# Data section:

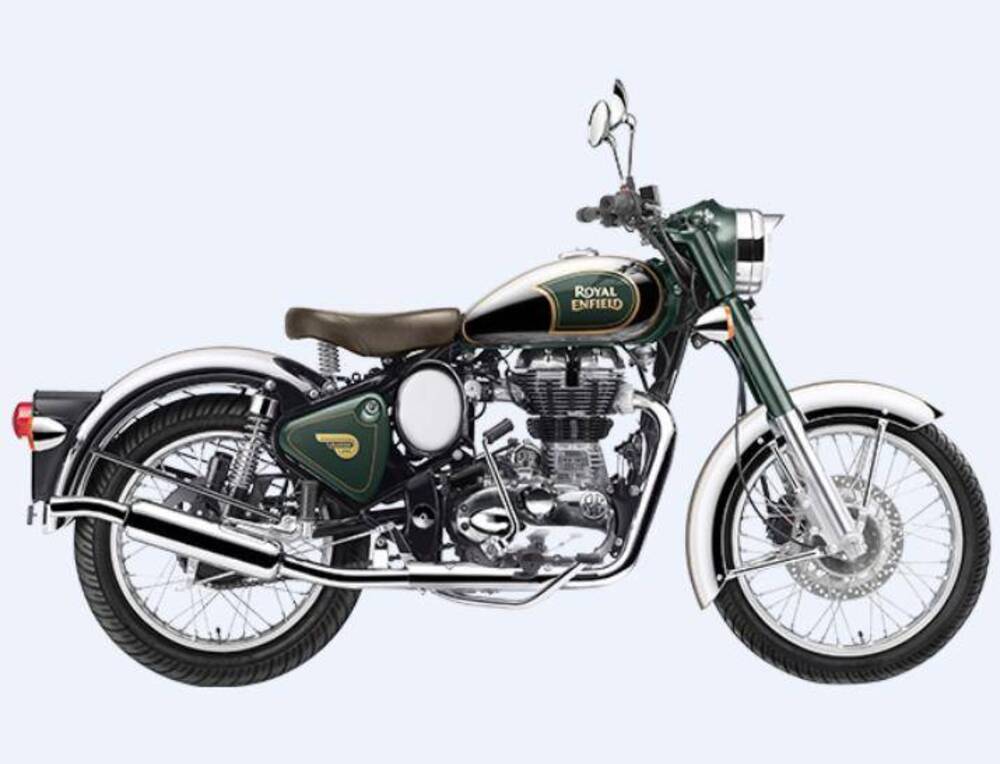 Royal Enfield Bullet 500 Classic EFI - Crome (2011 - 16)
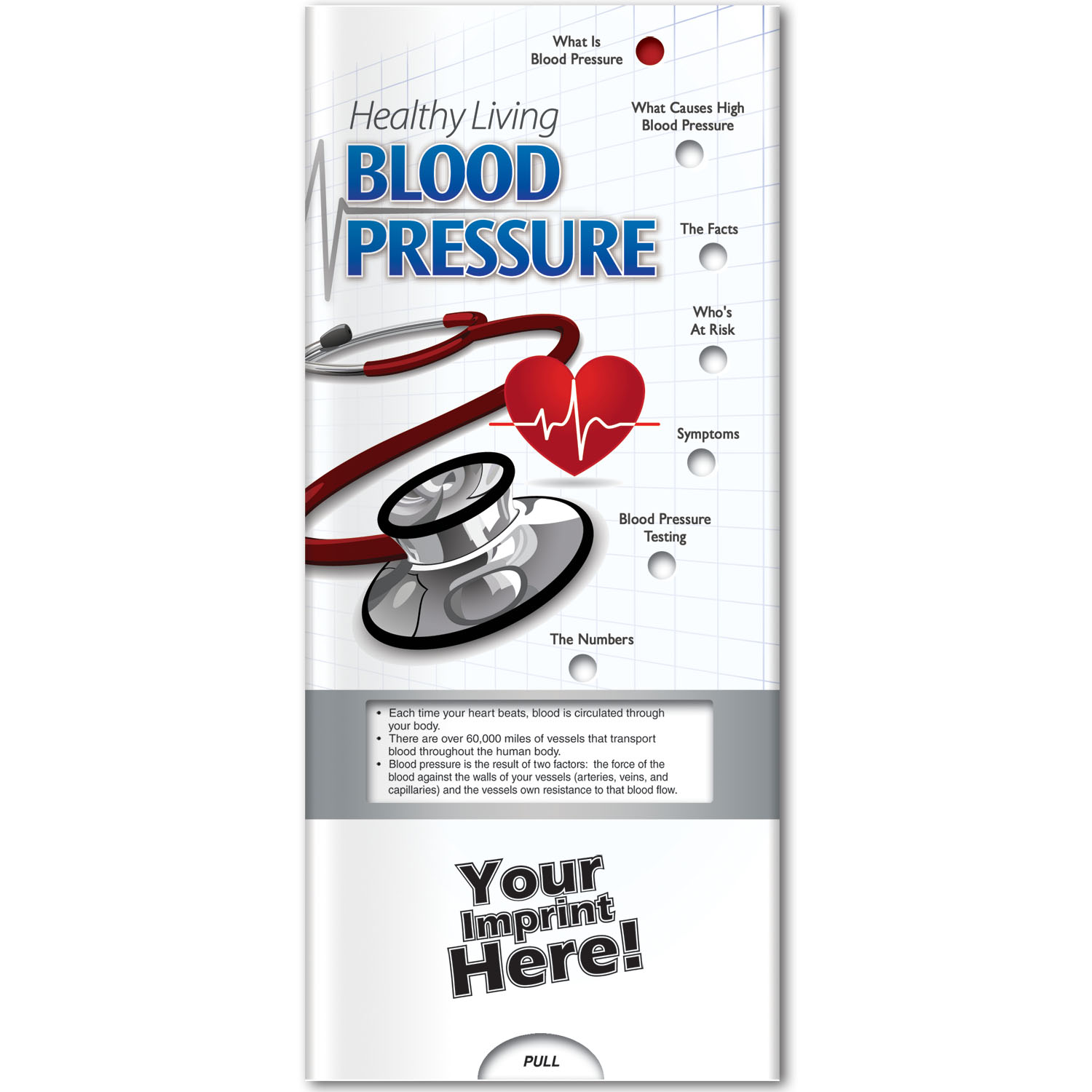Pocket Slider - Blood Pressure: Healthy Living 2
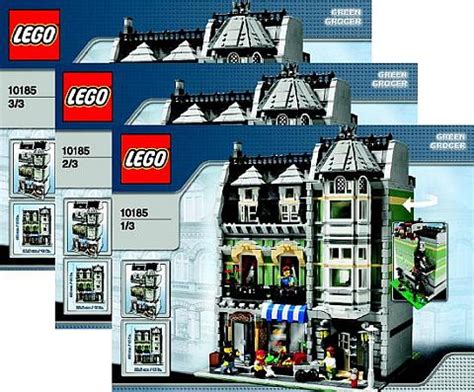 How To Assemble Build Retired LEGO Sets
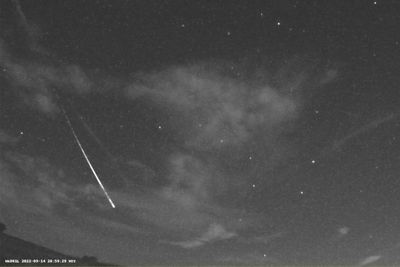 Astronomer reveals mystery behind 'fireball' spotted across Scotland's night sky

# Activity:
The copy must begin at the line containing "Pocket Slider - Blood" and end at the last line of the data above, with every line retyped exactly and no pictures included.

# Your solution:
Pocket Slider - Blood Pressure: Healthy Living 2
 How To Assemble Build Retired LEGO Sets
 Astronomer reveals mystery behind 'fireball' spotted across Scotland's night sky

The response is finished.